Aber wie durch ein Wunder wird das Rennen plötzlich ruhiger. Die nächsten paar Runden sind zwar nicht langsam, aber ich kann zumindest mal durchatmen. Ich versuche, so viel zu essen und zu trinken, wie es geht, aber irgendwann ist der Körper nun mal leer. Das merke ich mittlerweile mit jeder weiteren Runde. Die elfte Runde soll dann die Entscheidung bringen. Irgendjemand hat wohl entschieden, dass jetzt Schluss ist mit lustig und prügelt noch mal mit vollem Tempo die beiden Anstiege hoch.

Während ich im Feld immer weiter nach hinten falle, können dem Führenden nur 25 Fahrer folgen. Ich bin mittlerweile am Ende des Feldes angekommen und es kommen noch die letzten 400 Meter des Anstiegs, die noch mal steiler sind als der Rest. Meine Beine krampfen und zittern gleichzeitig. Ich schreie vor Schmerzen. Aber es sind nur diese paar Hundert Meter, die ich noch fahren muss! Dann kann ich erstmal wieder entspannen und hoffen, dass es wieder langsamer wird. Irgendwie rette ich mich bis nach oben.

Ich kann mich kaum auf dem Rad halten und als ich beim Beschleunigen im kurzen flachen Teil auf meinen Garmin gucke, kann ich es fast nicht glauben: Es fühlt sich an, als würde ich sprinten mit allem was ich habe – und trotzdem bringe ich gerade mal 250 Watt in die Pedale. Mein Körper muss wirklich komplett am Ende sein. Ich habe den Anschluss ans Feld verloren, aber ich bin Gott sei Dank nicht alleine. Wir sind zu viert. Ich fahre mittlerweile die Abfahrten auch runter, als gäbe es kein Morgen mehr und so sind wir dann zu viert ein wenig schneller als das Feld.

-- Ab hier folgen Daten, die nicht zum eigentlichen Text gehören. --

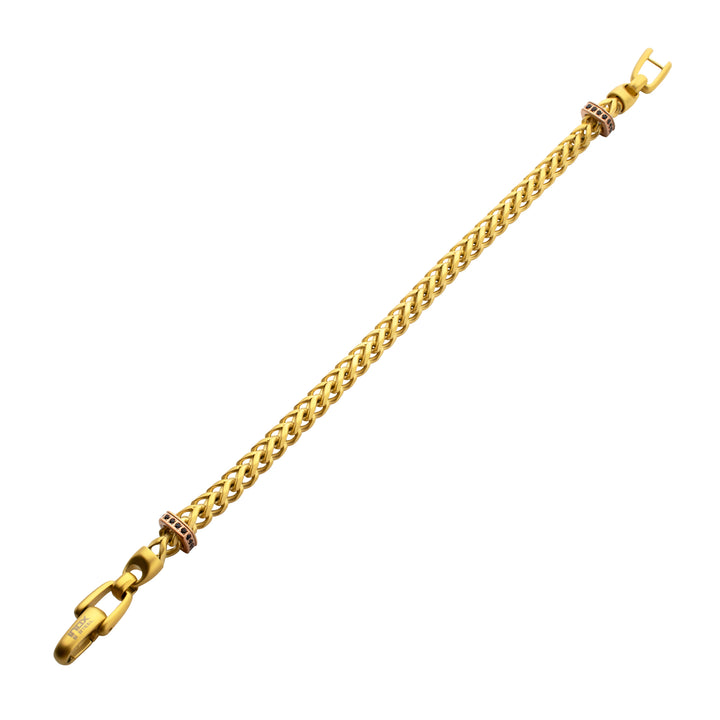 IRONWORKS-MASTER SERIES: 18Kt Gold IP Steel Chevron Franco Chain Bracelet with Black Sapphire & Rose Gold IP Links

Wir rotieren durch und einer der Jungs scheint noch etwas Power übrig zu haben, er fährt den größten Teil vorne. So schaffen wir es tatsächlich durch eine Autokolonne und den Ziehharmonika-Effekt des Feldes, im technischen Teil der Strecke wieder Anschluss zu finden. Das hat sicher auch damit zu tun, dass vorne nun 25 Fahrer weg sind. Alle im Feld wissen, dass sie mit dem Sieg nichts mehr zu tun haben werden. Das Tempo wird daher wieder deutlich ruhiger. Wenn ich in die Gesichter der anderen schaue, merke ich, dass ich bei weitem nicht der einzige bin, der sich darüber freut. So fahren wir noch die letzten drei Runden und es wird immer sicherer, dass ich mein großes Ziel erreichen werde. Ich werde das Rennen im Hauptfeld zu Ende fahren. Mit dieser Gewissheit fahre ich den letzten Sprint gar nicht mehr richtig mit. Mein ganzer Körper schreit mich seit einer Ewigkeit an, ich soll bitte endlich aufhören und nun finde ich auch: Es ist genug.